The current economic crisis in Venezuela, which I mentioned in an op-ed for International Peace Institute’s Global Observatory, highlights what’s at stake. GDP loss for 2016 is estimated at 10 percent, the rate of inflation has surpassed 200 percent, and poverty rates are equal to the Bolivarian Revolution 18 years ago. The food and basic necessities shortage is at such a level that tens of thousands of people flow across the border to Colombia to purchase products that, no matter how long they que in line, aren’t available back home. The people of Venezuela are, in every sense of the word, suffering.
A Pan-American partnership could provide an amazing opportunity for Venezuela.
For example, the opening of the Venezuelan-Colombian border, and the people’s subsequent access to commodities, is currently a political decision. While an agreement to temporarily reopen five access points between the two countries for 15 hours was reached on August 11th, much more work needs to be done to normalize the situation on the border. That work could be achieved through public-private partnerships. The addition of a private sector mentality to the border discussion brings into the equation meaningful incentives and a proven ability to cut through bureaucratic red tape.
A Pan-American partnership would naturally benefit other countries in the region. Venezuela’s policies – and their real-life impact – are not contained within the country’s borders. Its instability is spilling across the region into countries that have no shortage of turmoil of their own. Colombia, which is undergoing a delicate peace process to end its 30-year internal war with the FARC rebel group, may feel this most acutely. An unknown but “quite large” number of Venezuelans have illegally sought refuge in Colombia, straining the nation. This comes against their own oil producing and importing woes: Venezuela’s oil diplomacy has dried up, impairing relations with Colombia, as well as Cuba. A plunge in oil prices not only highlights the linkages across Latin America, but it shows that when one country’s economy begins to crumble, it has ripple effects on stability across the region.
On a recent trip to Colombia, I spoke with many statesmen and business leaders about the security implications resulting from Venezuela’s economic crisis. All agreed that there is a growing appetite for reform and collaboration in the energy space as an avenue to stabilize the market and economies.
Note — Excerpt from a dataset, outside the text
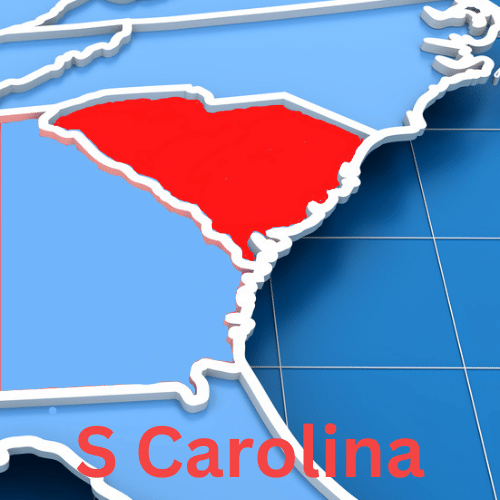 South Carolina happy ending massage for women South Carolina Happy Ending Massage for Women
If Colombia serves as an indicator for the broader regional attitude around a partnership-based solution, then current dynamics bode well for the realization of a Pan-American partnership.
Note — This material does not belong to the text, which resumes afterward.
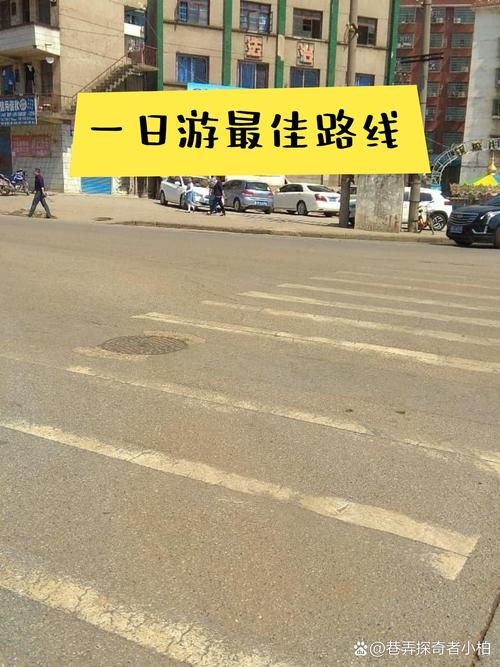 快递上路了还能改地址吗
A public-private approach could provide innovative solutions to the energy crisis.
A number of internal steps could be taken by countries in the region to empower such a partnership. First and foremost, a domestic political climate in support of public-private partnerships should be created. Colombia again serves as an example for this: the government passed a ‘P3 law’, Law 1508, in 2012. Colombia’s investment growth climate for 2016 now shows the most promise in the region, especially for high impact infrastructure projects like the energy sector. Following the passage of this law is a $70 billion infrastructure program that aims to improve regional and international connectivity, to reduce transport times, and to address the housing shortage.
Opportunities for partnerships in infrastructure and energy also abound thanks to a $400 million loan from the IDB aimed at fostering private investments in infrastructure and enhancing capabilities for P3s in Colombia. As Colombia’s energy supply is often disrupted by militant groups’ attacks on pipelines, this loan presents a valuable opportunity to alleviate supply vulnerabilities by outsourcing pipeline security.
Once the domestic climate is sufficient to support a Pan-American alliance, an immediate task for the members could be the establishment of cross-border energy transfer frameworks and capabilities in order to lessen the severity and swiftness of energy market turbulence.
If the cyclical energy crises in Latin America have taught us anything, it’s that lasting stability can only be achieved through regional alliances and collaboration across sectors.